Darkinjung owned land that Central Coast Council had hoped to buy to add to its Coastal Open Space System (COSS) is now the subject of a rezoning proposal to allow residential development.
The Darkinjung planning proposal seeks land rezonings which would permit developing the site at 250 Reeves St, Somersby, with 14 lots of land of about 2 hectares each.
Each lot would include land for a house but also land to remain as bush under environmental protection.
The area is reportedly home to endangered ecological communities of wildlife and vegetation.
The planned development has history with Council.
In August 2019 Council outlined concerns with the Reeves St proposal including the impact on the regional biodiversity corridor, biocertification, and development within a proposed E2 Environmental Conservation lands.
It identified the site for possible acquisition for COSS due to its significant environmental and cultural values.
In November, Council ceded its planning authority for both the Reeves St proposal and the Darkinjung’s Woy Woy Rd site at Kariong.
On June 1 this year however, the NSW Department of Planning requested Council provide comment on the proposal within 21-days.

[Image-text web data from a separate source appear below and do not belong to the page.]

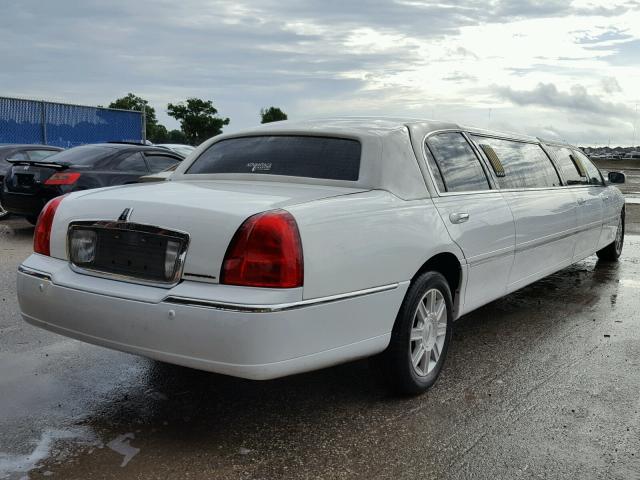 1L1FM88W96Y625669 - 2006 LINCOLN TOWN CAR E WHITE photo 4
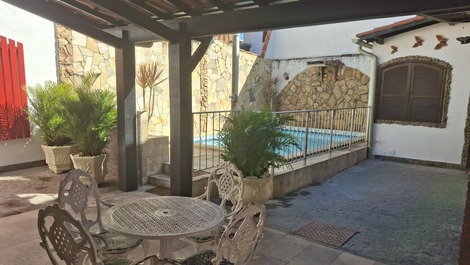 CASA COM PISCINA ARRAIAL DO CABO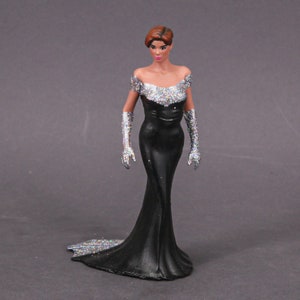 Scale Figure handpainted / Unpainted resin  girl dress woman in 1/24 1/32 1/18 1/43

Council asked for an extension so it could consult with councillors, but this was not granted.
After missing the three-week deadline, Council advised its response to the Department of Planning was late because councillors wanted a briefing before it was submitted.

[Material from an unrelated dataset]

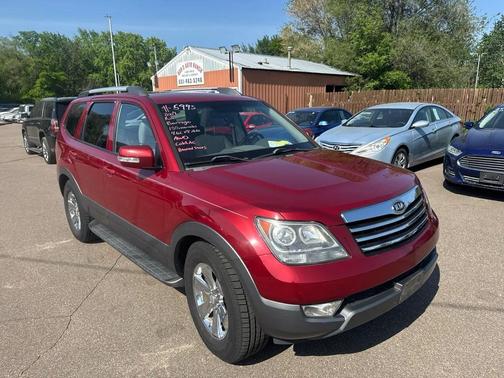 Burgundy 2009 Kia Borrego 4WD 4dr V8 EX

A report to councillors tabled for the meeting on July 13 says that council generally supports the rezoning plan but wants to see a Development Control Chapter drafted and a plan of management for the ‘no build’ areas within the proposal.

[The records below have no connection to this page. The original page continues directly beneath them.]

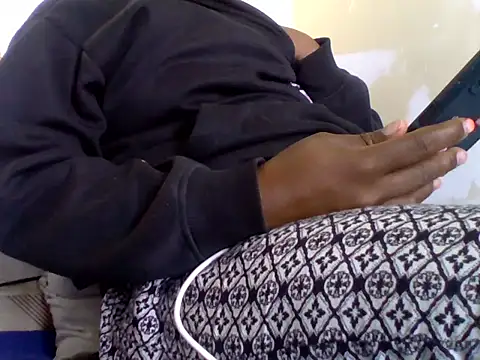 Hot-zeenah online show from October 10, 2025, 4:33 am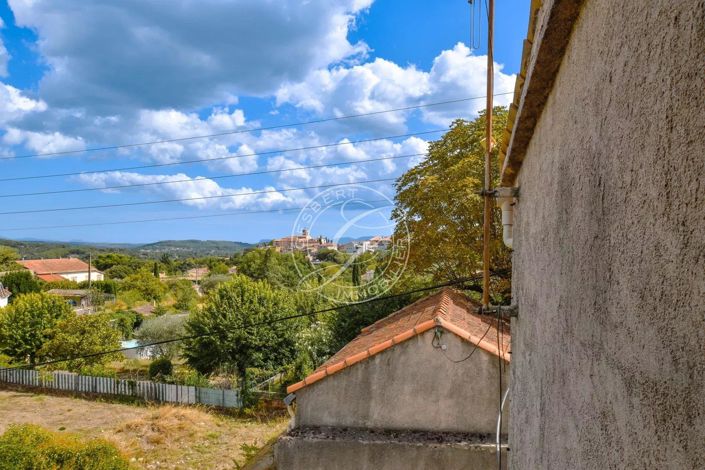 Image No.18-3 Bed House for sale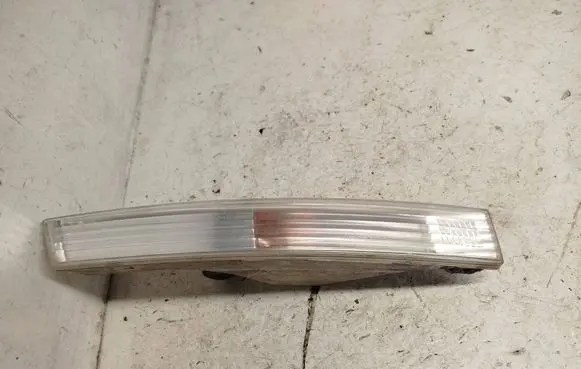 Volkswagen PASSAT B6 Front indicator light 3C0953042H 3C0963042H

It wants further talks to ensure the orderly and sustainable development of the environmentally sensitive land.
Council is suggesting biocertification for the entire site to streamline future development applications for the site.
It is worried that no build areas will still be cleared to cater for bushfire buffer zones and on site sewage systems and is suggesting a new chapter of a development control plan is needed.
The Darkinjung is the largest non-Government landholder on the Central Coast with 3,700 hectares of land and a new State Government planning framework introduced last year allows the land to be used in a variety of ways, including residential development, employment lands and conservation plans.